FlyingNanook From United States of America, joined Jan 2004, 830 posts, RR: 13 Posted (6 years 6 months 1 week 21 hours ago) and read 2214 times:
I'm asking here because there's got to be somebody who knows about this and my google searches are not being fruitful.
Recently the acting manager of our store brought up the fact that the cashiers may not play the radio in the public areas of the store because of some sort of copyright thing. This information was passed down to our cashiers by the head cashier and they threw a hissy fit and demanded to see this law in writing. (Our cashiers are a bunch of whiney little brats, and I'm thankful everyday that I don't have to work on the same floor as them)

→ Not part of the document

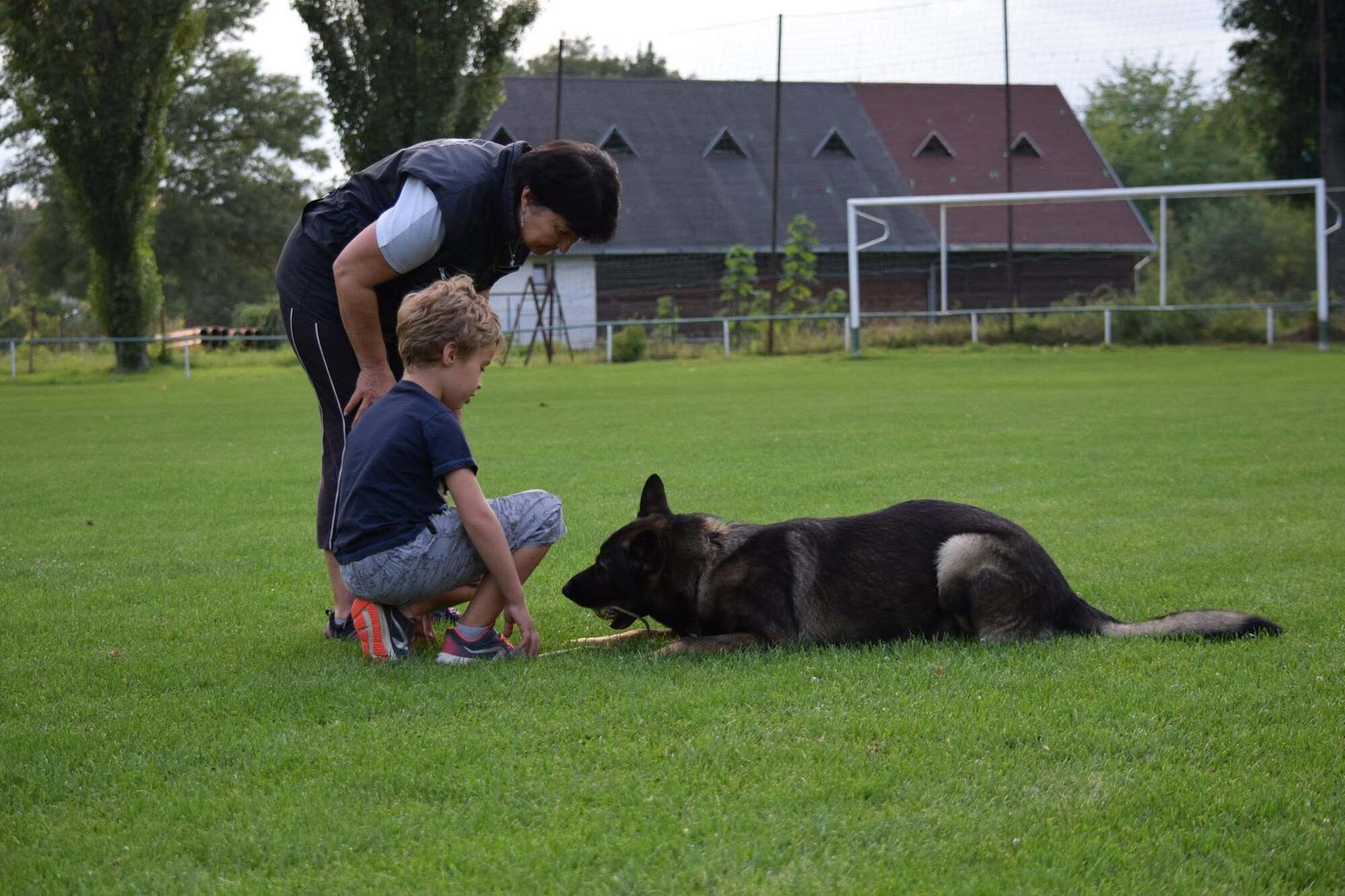 Dáša učí dieťa správnej komunikácii so psom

Can anybody here help me find information about US copyright and rebroadcasting of radio stations? Also does this apply to internet-only radio stations?
N231YE From , joined Dec 1969, posts, RR: Reply 1, posted (6 years 6 months 1 week 21 hours ago) and read 2211 times:
I'm not understanding what you are saying. Several stores, including the pet store that I worked at throughout my high school years, used to play local radio the radio in the store (as long as it wasn't offensive-management prohibited hip-hop, heavy metal, and alternative rock stations).
Depending on where you are working, the company rules may differ. I know some people who work for The Home Depot, and all HD stores' music is streamed from the headquarters in Atlanta, GA, but it is HD's music, not any radio stations.
Futurecaptain From , joined Dec 1969, posts, RR: Reply 2, posted (6 years 6 months 1 week 21 hours ago) and read 2203 times:
We have the radio on at the store I work at. It's a constant fight over what gets played and the station is changed seemingly daily and covertly by opposing music tastes.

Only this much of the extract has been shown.